3.Number of CPU cores
CPU clock speed determines the computing capacity of a single CPU core, while the number of CPU cores determines the parallel computing capacity of the database.
4.Memory clock speed, bus bandwidth
When reading/writing in the memory, the memory clock speed and bus bandwidth determine the total read/write capacity, which is a very important factor.
For example, for DDR 2 667, the bandwidth is 64bit×667MHz÷8≈5.3GB/s. If it is a dual channel memory, we have to multiply by 2, so the memory data bandwidth of a dual channel DDR 2 667 is 10.6GB/s.

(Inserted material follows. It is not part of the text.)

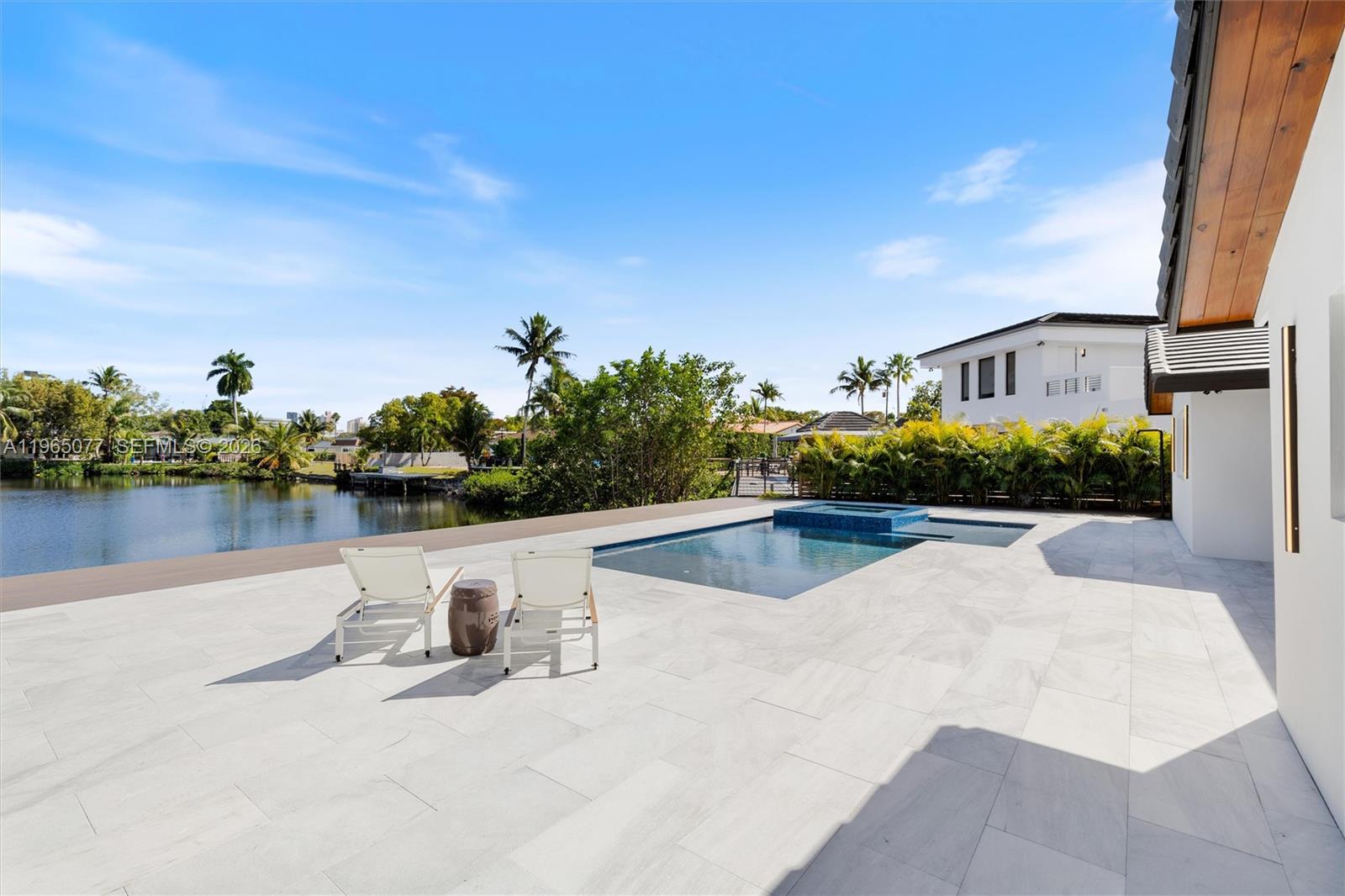 RAINTREE LAKE SEC THREE - Residential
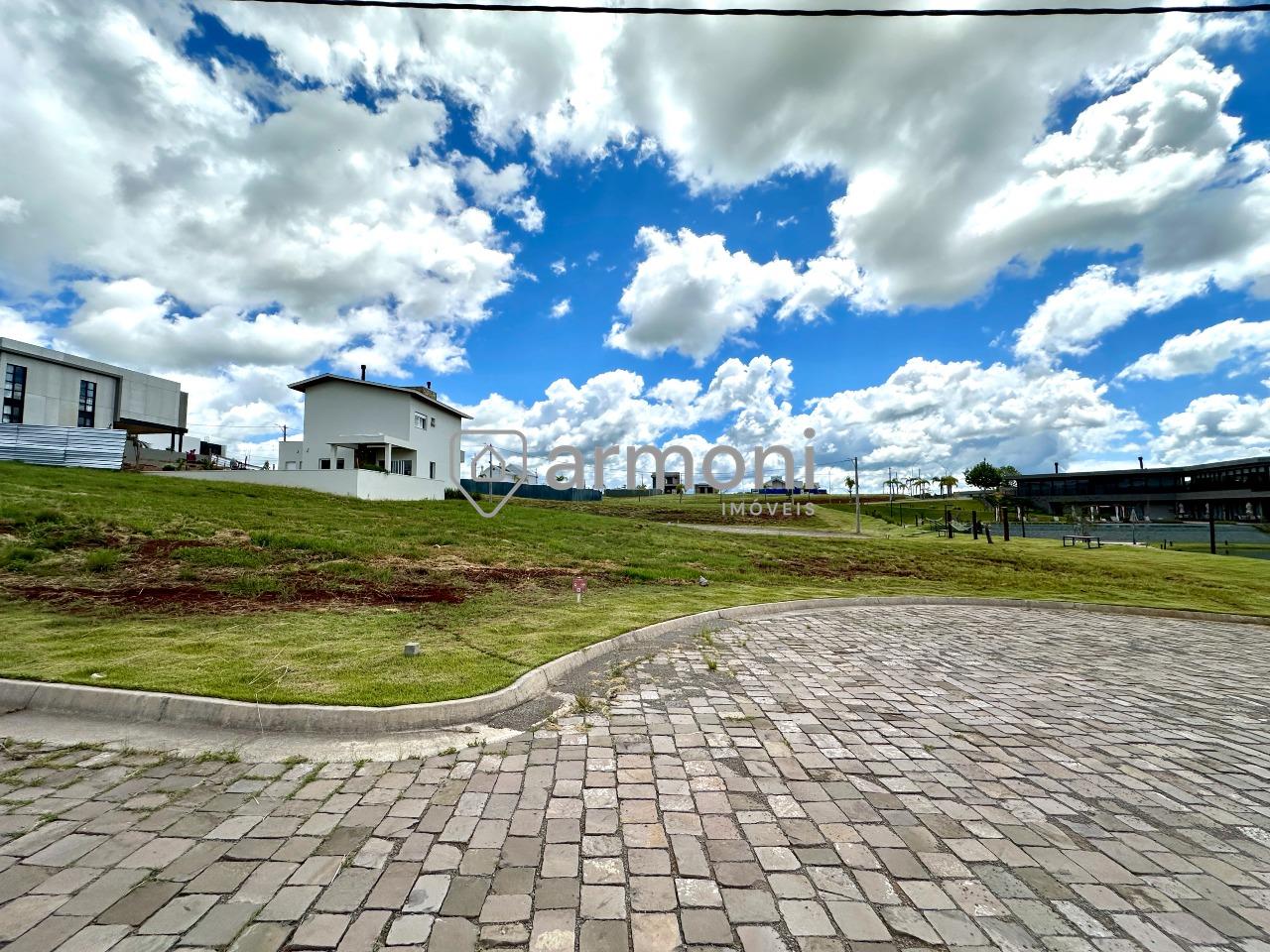 Lote em condomínio à venda no São José:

https://www.cyberciti.biz/faq/check-ram-speed-linux/
https://en.wikipedia.org/wiki/Memory_bandwidth
For example, the maximum memory read/write bandwidth is
64*2*2400/8/1024= 37.5 GB/s
dmidecode --type 17
Array Handle: 0x0034
Error Information Handle: Not Provided
Total Width: 72 bits ## ECC, 64+8
Data Width: 72 bits
Size: 32 GB
Form Factor: DIMM
Set: None
Locator: CPU0_A0
Bank Locator: NODE 1
Type: DDR4
Type Detail:
Speed: 2400 MHz
Manufacturer:
Serial Number:
Asset Tag:
Part Number:
Rank: 2
Configured Clock Speed: 2133 MHz
Note: This is the technical hard cap of the memory and will not typically be reached by a single CPU core.
What is the computing speed of a single CPU core? We can find out with a simple test.
Memory speed
#dd if=/dev/zero of=/dev/null bs=4k count=1024000000
^C68517474+0 records in
68517473+0 records out
280647569408 bytes (281 GB) copied, 34.1855 s, 8.2 GB/s
Block device speed
#dd if=/dev/Block device name of=/dev/null bs=4k count=102300000
^C2687957+0 records in
2687956+0 records out
11009867776 bytes (11 GB) copied, 4.6525 s, 2.4 GB/s
In reality, the speed of a single core can't possibly reach 8.2 GB/s when used in calculations for a database.
5.Hard drive capacity - random IOPS performance
Random IOPS performance will be involved in index access, and (concurrent) access to data in the same hard drive by multiple sessions or processes.
(Cached read can improve the performance of parallel access, nearing sequential IOPS performance.)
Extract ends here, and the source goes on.